Todas as discussões que visam a erradicação das fake news acabam por esbarrar numa premissa fundamental das sociedades democráticas, que alerta para o perigo de se poder estar a camuflar um desejo de controlo, o que contende com a liberdade de informação, impondo censura. Diante desta encruzilhada, alguma vez as fake news irão parar? A verdade é que não.
As fake news são uma forma poderosa de manipulação da opinião pública. O seu poder consiste em lançar a dúvida sobre a verdade. E isso vira todas as ideias do avesso, subvertendo-as: quanto mais se acredita em notícias falsas, menos se acredita nos canais de informação.

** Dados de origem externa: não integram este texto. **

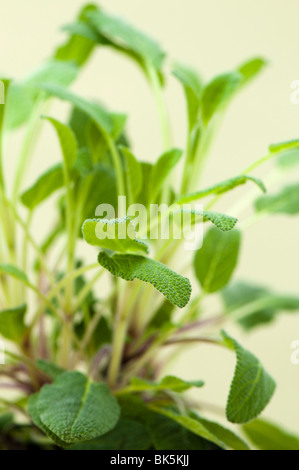 Nahaufnahme eines gemeinsamen weisen, Savlia Officinalis, Pflanze Stockfoto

Podemos situar o surgimento das fake news, na sua composição mais sofisticada, com a campanha que levou à eleição de Donald Trump, nos Estados Unidos. Quer durante essa corrida quer já depois de eleito, Trump não só emitiu notícias falsas nas redes sociais, sobretudo no Twitter, como não se livrou da acusação de ter contratado uma empresa responsável por espalhá-las massivamente através de manipulação informática.
Na sua campanha renhida, Trump venceu. E isso deu alento a uma torrente de populistas que passaram a copiar as suas práticas, a dizer o que as pessoas querem ouvir, a centrar o seu discurso em verdades alternativas que confortam muitos cidadãos. O novo ópio das sociedades que se dizem equilibradas é precisamente a mentira.

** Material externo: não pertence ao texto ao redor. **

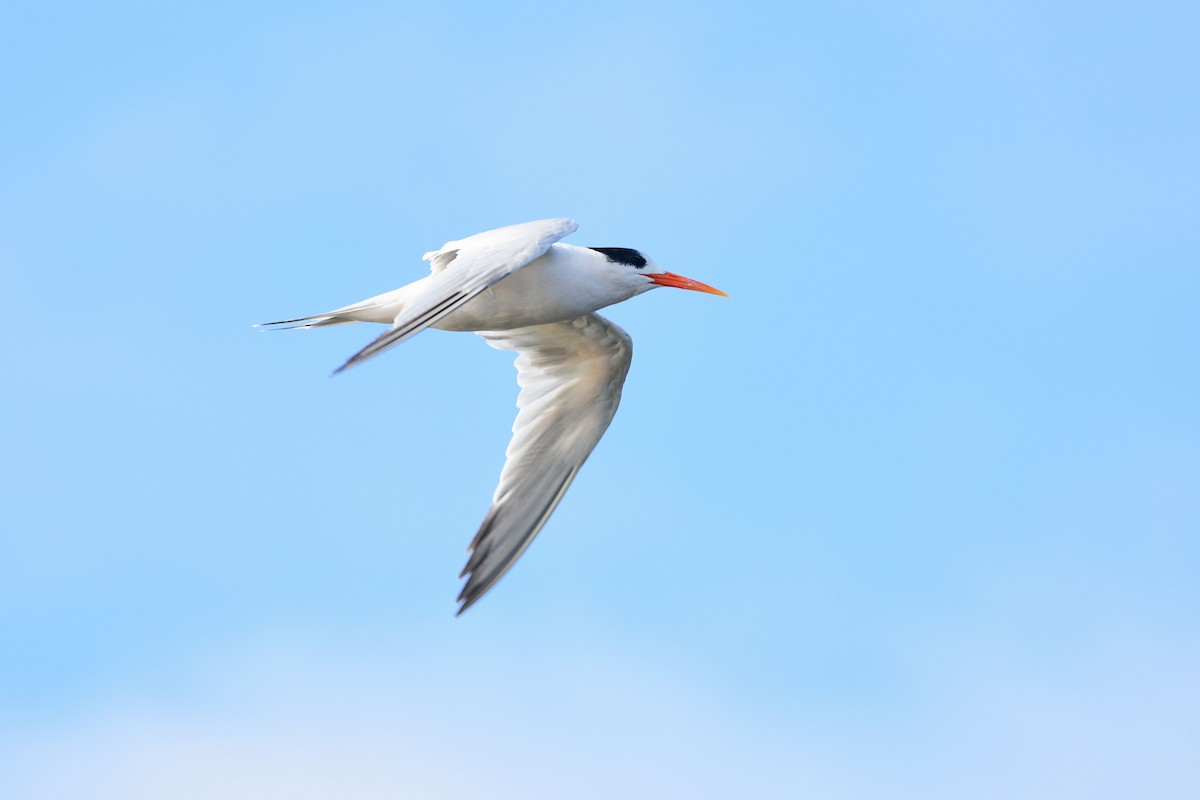 Elegant Tern - ML631499668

Paulatinamente, a imprensa tem vindo a ceder ao conceito lato de verdade, às fake news. Sobretudo por motivos de sobrevivência num mercado austero e competitivo. Tragicamente, uma vez aberta a caixa de Pandora, não há forma de voltar a fechá-la. O crédito esbanjado não voltará a ser recuperado. A dúvida ficará para sempre instalada. A história das fake news é, no essencial, uma história demasiado triste.
Olhando bem para o fundo, verificamos que as fake news nunca versam apenas sobre os factos. São um protesto face ao sistema que produz esses factos, uma declaração de desconfiança. Quando se desmascara uma notícia falsa, não é apenas a notícia que é falsa. É toda a imprensa que é falsa. Se um governo emite uma informação falsa, não é apenas a informação que é falsa. É todo o governo que é falso.
Todos passaremos, inevitavelmente, a duvidar de muita coisa. E o remédio pode, no limite, entorpecer-nos, uma vez que duvidar de tudo implica duvidar da própria dúvida radical.